• WHAT TO WORK ON
Exact repetition, pictures omitted: give every record below again.

Captioned web images:

○ ○ ○ ○ ○ ○ ○

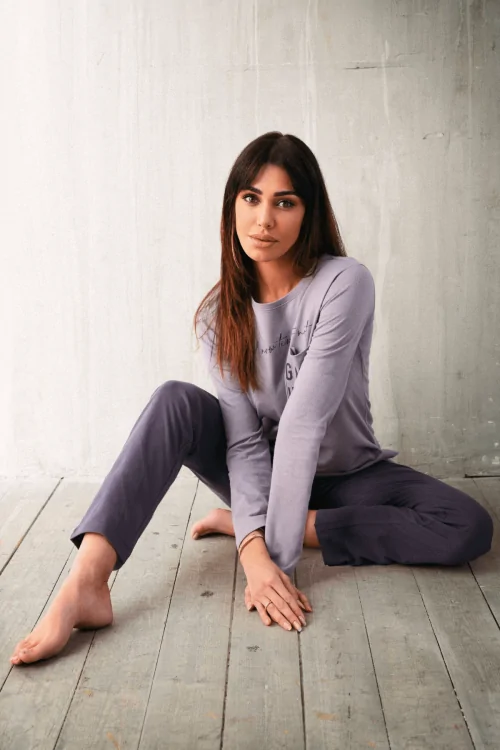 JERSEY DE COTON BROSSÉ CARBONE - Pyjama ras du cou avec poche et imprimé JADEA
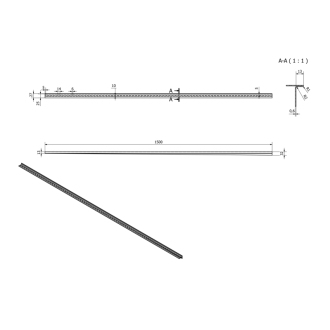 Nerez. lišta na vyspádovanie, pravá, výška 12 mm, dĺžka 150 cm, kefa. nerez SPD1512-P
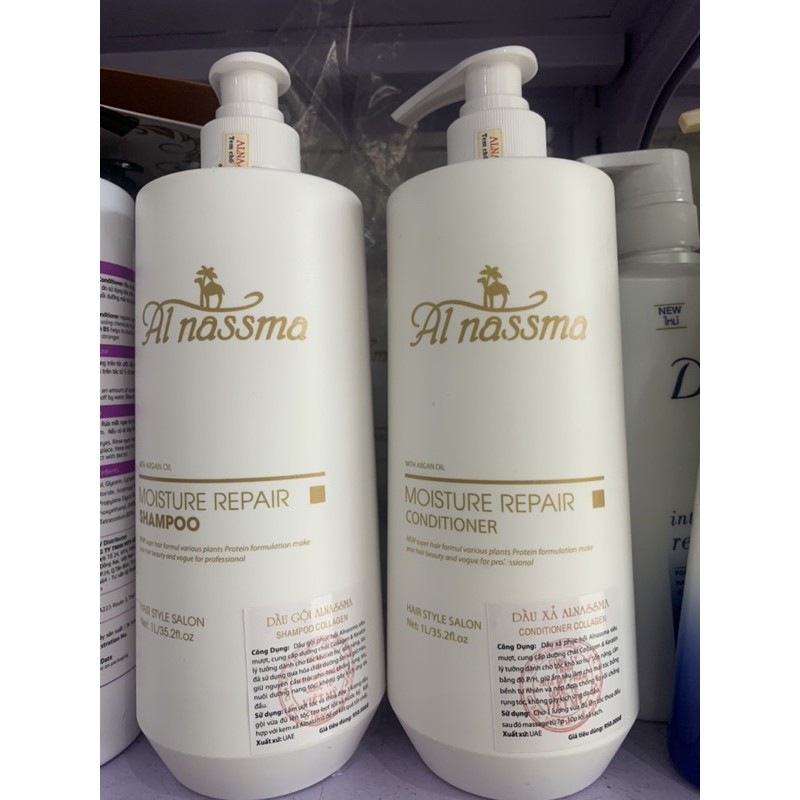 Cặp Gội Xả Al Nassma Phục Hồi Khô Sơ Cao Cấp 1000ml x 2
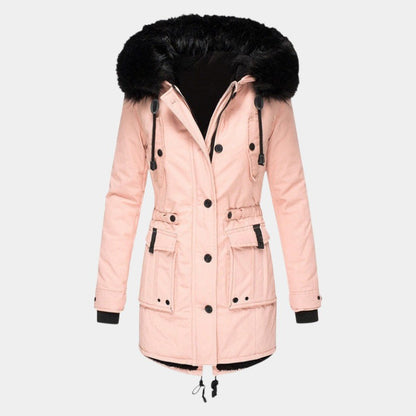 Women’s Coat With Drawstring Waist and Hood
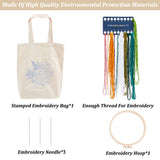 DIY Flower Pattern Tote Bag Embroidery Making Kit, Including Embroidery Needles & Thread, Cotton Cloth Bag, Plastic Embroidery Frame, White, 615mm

○ ○ ○ ○ ○ ○ ○

• ANSWER BOX
 JERSEY DE COTON BROSSÉ CARBONE - Pyjama ras du cou avec poche et imprimé JADEA
 Nerez. lišta na vyspádovanie, pravá, výška 12 mm, dĺžka 150 cm, kefa. nerez SPD1512-P
 Cặp Gội Xả Al Nassma Phục Hồi Khô Sơ Cao Cấp 1000ml x 2
 Women’s Coat With Drawstring Waist and Hood
 DIY Flower Pattern Tote Bag Embroidery Making Kit, Including Embroidery Needles & Thread, Cotton Cloth Bag, Plastic Embroidery Frame, White, 615mm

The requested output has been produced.